The busyness of life often deprives us of the benefit of rest. For many of us, rest has become an option rather than the necessity God designed it to be. From the very beginning, He determined that we start from a place of rest - His Sabbath - because that is where we draw strength to do meaningful work that truly satisfies. Thankfully, we have not been left alone in this struggle for rest. Jesus invites us to come and learn of Him so that we can find rest for our souls (Matthew 11:28-29).
What do we learn from Christ? We learn how to live like sons of God. The position of rest is recognizing that we are sons and daughters before we do what we have been called to do. Most of the world believes they have to do something in order to have something so they can be something. That is not how we were originally designed. In God’s design, we are already something in Him, so we have everything, and then can do anything. We are in a covenant relationship with the Father as sons and daughters. We have an inheritance which includes all we need to fulfill God's pleasure and realize every blessing including children.
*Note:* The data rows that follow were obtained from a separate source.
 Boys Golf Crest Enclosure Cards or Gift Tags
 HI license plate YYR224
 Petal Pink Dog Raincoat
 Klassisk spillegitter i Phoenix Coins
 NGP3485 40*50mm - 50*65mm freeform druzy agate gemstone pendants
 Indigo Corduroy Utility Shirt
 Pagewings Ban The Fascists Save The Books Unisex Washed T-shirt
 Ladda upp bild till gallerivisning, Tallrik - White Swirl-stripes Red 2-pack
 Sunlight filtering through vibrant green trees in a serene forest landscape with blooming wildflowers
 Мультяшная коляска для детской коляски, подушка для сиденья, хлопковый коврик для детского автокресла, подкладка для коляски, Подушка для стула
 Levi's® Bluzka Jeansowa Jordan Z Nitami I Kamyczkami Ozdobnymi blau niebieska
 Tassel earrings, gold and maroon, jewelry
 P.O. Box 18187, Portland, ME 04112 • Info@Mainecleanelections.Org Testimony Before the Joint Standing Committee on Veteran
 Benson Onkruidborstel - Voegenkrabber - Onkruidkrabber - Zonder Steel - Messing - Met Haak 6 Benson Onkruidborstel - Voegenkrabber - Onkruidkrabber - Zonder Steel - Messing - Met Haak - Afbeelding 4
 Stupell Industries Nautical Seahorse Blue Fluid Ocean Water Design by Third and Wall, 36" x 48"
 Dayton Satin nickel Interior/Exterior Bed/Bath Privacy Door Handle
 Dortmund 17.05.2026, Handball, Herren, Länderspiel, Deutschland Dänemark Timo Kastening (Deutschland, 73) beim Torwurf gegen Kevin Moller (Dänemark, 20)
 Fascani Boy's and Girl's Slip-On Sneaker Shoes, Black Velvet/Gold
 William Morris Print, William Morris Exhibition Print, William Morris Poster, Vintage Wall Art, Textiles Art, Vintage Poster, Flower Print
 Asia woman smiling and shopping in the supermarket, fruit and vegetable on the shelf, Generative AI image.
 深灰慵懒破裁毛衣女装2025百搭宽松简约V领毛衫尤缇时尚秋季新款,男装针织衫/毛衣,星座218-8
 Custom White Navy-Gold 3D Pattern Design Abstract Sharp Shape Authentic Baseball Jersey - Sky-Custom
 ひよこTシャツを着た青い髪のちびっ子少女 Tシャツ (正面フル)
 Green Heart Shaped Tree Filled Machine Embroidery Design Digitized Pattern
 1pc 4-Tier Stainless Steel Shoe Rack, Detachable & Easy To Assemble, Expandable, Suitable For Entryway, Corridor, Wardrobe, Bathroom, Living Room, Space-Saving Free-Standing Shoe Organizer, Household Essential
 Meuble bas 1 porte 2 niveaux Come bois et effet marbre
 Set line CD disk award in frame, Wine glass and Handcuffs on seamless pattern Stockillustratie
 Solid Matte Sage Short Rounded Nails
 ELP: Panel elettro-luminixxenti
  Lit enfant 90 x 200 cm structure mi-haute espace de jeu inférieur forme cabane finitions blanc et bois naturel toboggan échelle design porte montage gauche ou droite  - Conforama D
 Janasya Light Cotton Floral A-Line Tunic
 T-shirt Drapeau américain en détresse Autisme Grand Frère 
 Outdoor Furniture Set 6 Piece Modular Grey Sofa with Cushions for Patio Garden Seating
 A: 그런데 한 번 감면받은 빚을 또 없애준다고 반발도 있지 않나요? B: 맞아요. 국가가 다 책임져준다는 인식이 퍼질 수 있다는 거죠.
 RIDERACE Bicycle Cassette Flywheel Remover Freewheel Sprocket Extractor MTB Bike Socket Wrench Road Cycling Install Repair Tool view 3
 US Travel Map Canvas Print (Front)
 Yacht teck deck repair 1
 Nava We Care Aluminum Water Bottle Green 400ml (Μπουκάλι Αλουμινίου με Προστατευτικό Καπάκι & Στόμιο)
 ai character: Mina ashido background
Resting is learning to allow God to fight for you as you focus on His ability and wisdom. In the place of rest, nothing is done with the aim to woo him for a reward. Rather, we place confidence in His love and trust that His goodness and mercy will bring us His very best. And as we enter God's rest and cease from our labours, we begin to experience increase and growth. Like Sarah, Rachel, Hannah, as you cease striving and start resting in the Lord, you will be divinely enabled to receive His gift.